See [MS-ONESTORE] Section 2.5.3
"""
FILE_NODE_ID: typing.ClassVar[int] = 0x00C
"""The ID of this type of file node."""
gosid: ExtendedGuid
"""The identity of the object space as specified in the object space
manifest list.
See [MS-ONESTORE] Section 2.1.4 for object space.
"""
`
Next Nodes
The process of the rest file nodes has been:
- Create the dataclass that represents the next node encountered
- Add parsing logic to read the members of the file node
- Repeat
The list of nodes that my sample file encountered so far are:
- DataSignatureGroupDefinitionFND
- GlobalIdTableEndFNDX
- GlobalIdTableEntryFNDX
- GlobalIdTableStart2FND
- ObjectDeclaration2RefCountFND
- ObjectGroupEndFND
- ObjectGroupListReferenceFND
- ObjectGroupStartFND
- ObjectInfoDependencyOverridesFND
- ObjectSpaceManifestListReferenceFND
- ObjectSpaceManifestListStartFND
- ObjectSpaceManifestRootFND
- ReadOnlyObjectDeclaration2RefCountFND
- RevisionManifestEndFND
- RevisionManifestListReferenceFND
- RevisionManifestListStartFND
- RevisionManifestStart6FND
- RootObjectReference3FND
Child file nodes
The other thing to handle was reading the child nodes.

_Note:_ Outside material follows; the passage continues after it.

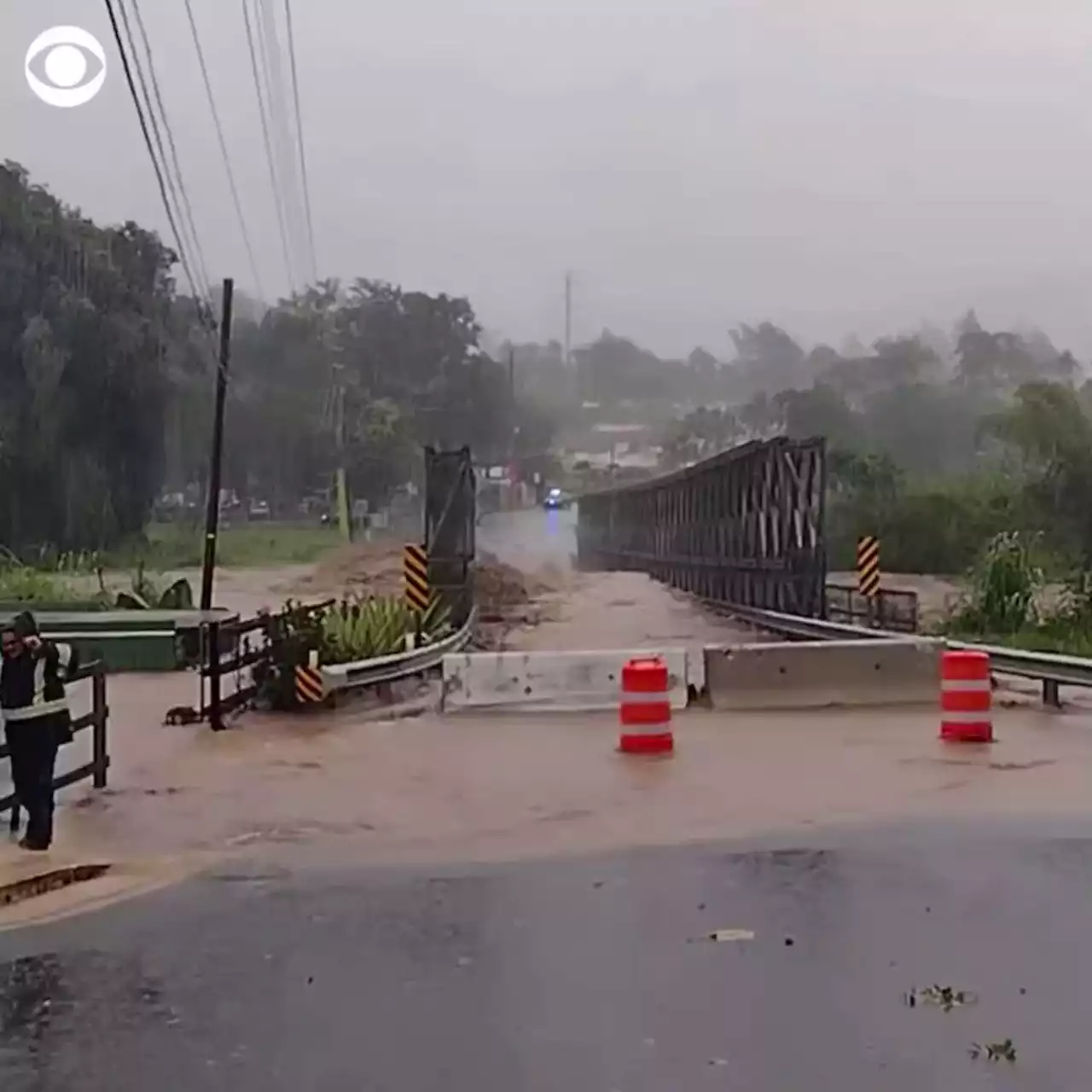 Hurricane Fiona lashes Puerto Rico, knocks out power to entire island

If the base type in the FileNodeHeader has a value of 2 it means that the
first thing after the header is a reference to another file node list.
That file node list are the children of the node.
To read that you seek to the offset in the file chunk reference which contains
a FileNodeListFragment and so you start reading them.
It should be mentioned that this had to be implemented before several of the nodes listed above were encountered.
Stopping point
The point that I stopped working on this project on the weekend was when I had
read all the file node up until a FileNodeListFragment was encountered which
pointed to another FileNodeListFragment (i.e. the next fragment was set).
Reflection
The approach taken of waiting to set-up a new FileNode structure when it was
encountered was not a good approach. This is because it meant writing up the new
class to represent the structure, adding the documentation, then writing the
parsing logic for it before continuing on with the next one. It meant a lot
of searching about as well to find the subsection numbers and the file node IDs.
The approach I wish I taken once I had the basics working and the first couple
of FileNode structures handled was to simply go through the entire list of
structures one by one and creating the classes for it. This way the members of
the structures would already be present and documented and the next step would
be to implement the parsing for it.
Update - 2025-06-09
- Handle going to the next file node fragment. -
- Completely read the root file node list (tree).
Next
Next up in the implementation would be would be reading the page names from the sections.